Americans like to believe that democracy is the best path to political stability in an increasingly unstable and dangerous world. That is understandable, given our nation’s success.
But by itself democracy may not always be the best path to pacification of the populations in countries burdened with histories of religious, cultural and ethnic rivalries.
There may be a need for an intermediate step before democracy can take root in places with no history of self-rule or where furious divisions endure.
Today, there are many examples that all too painfully make that point: Iraq and Afghanistan are of the greatest concern to Americans, but the same lessons are there to be learned in Syria, Egypt, Libya and Myanmar, among others.
Western political leaders, in advocating democracy, should not overlook the lessons learned from the aftermath of World War II or, as an instructive contrast, the terrible fighting that followed the dismantling of Yugoslavia.
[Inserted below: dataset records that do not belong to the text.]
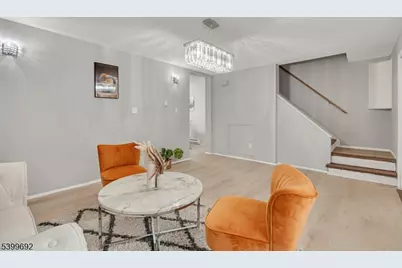 71 16th Ave #104, Newark, NJ 07103 - Photo 6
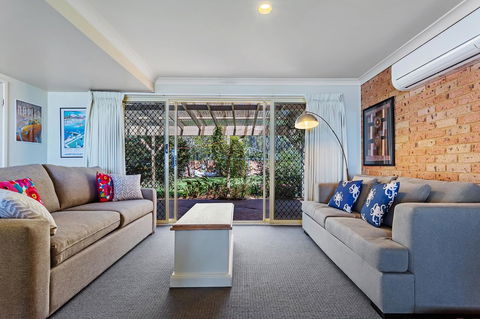 Foreshore Drive, 123, Sandranch - Kingaroy Accommodation 6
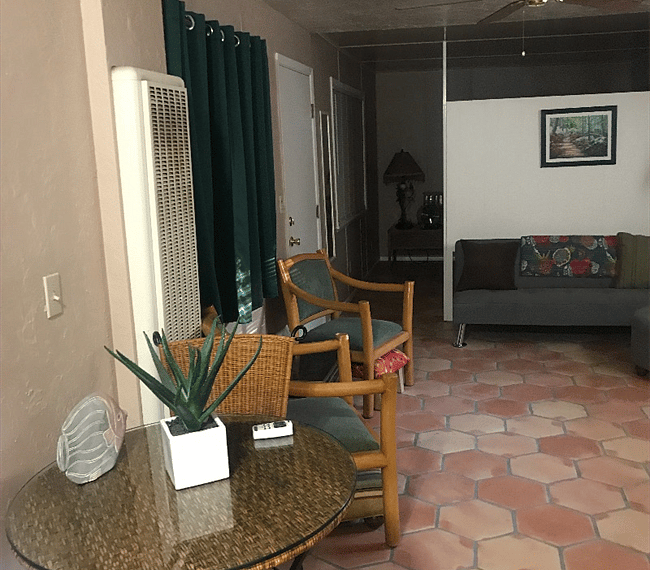 Furnished Finder property 304878_1 photo 3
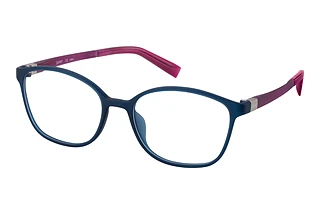 Esprit ET33444 543 Blue/Blau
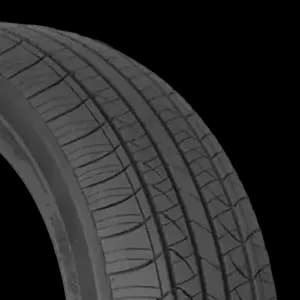 HANKOOK Optimo H431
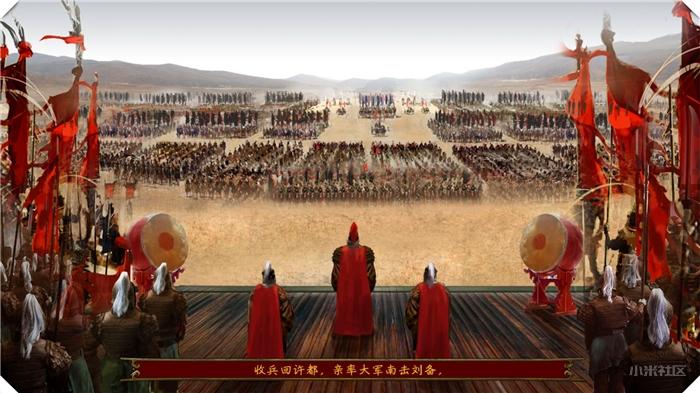 手机音乐游戏舞蹈-手机音乐游戏：青春的节拍，情感的释放，连接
After the horrors of World War II, Western statesmen recognized that Germany would not be ready for democracy until the divisive issues that had led it into World War II had been satisfactorily resolved.
Germany needed to be rid of the demons that were turned loose by the Nazis and to pay a price for their evil deeds.
The Nuremberg trials, holding Nazi leaders accountable for their vile actions, served as a national cleansing and ultimately made it possible for democracy to flourish.
The opposite has happened in the volatile Balkans, where Europe worries that another war is just over the horizon. Europeans are well aware that World War I began 100 years ago with an assassination in that deeply divided region.
After World War II, the Balkans remained peaceful only because they were under the crushing thumb of a communist (but anti-Moscow) dictator, Marshal Tito. It wasn’t long after his death that the various parts of what was then called Yugoslavia began fighting each other over their deep ethnic and religious differences and, despite the peace accord brokered by the United States, they’re still at it. Of greater immediate concern to Washington is the future of Afghanistan, where democracy — a truly foreign concept to most Afghans — is in its infancy and where its chances of survival seem slim. When the last American troops leave, there’s no telling what will happen to the wobbly democracy effort.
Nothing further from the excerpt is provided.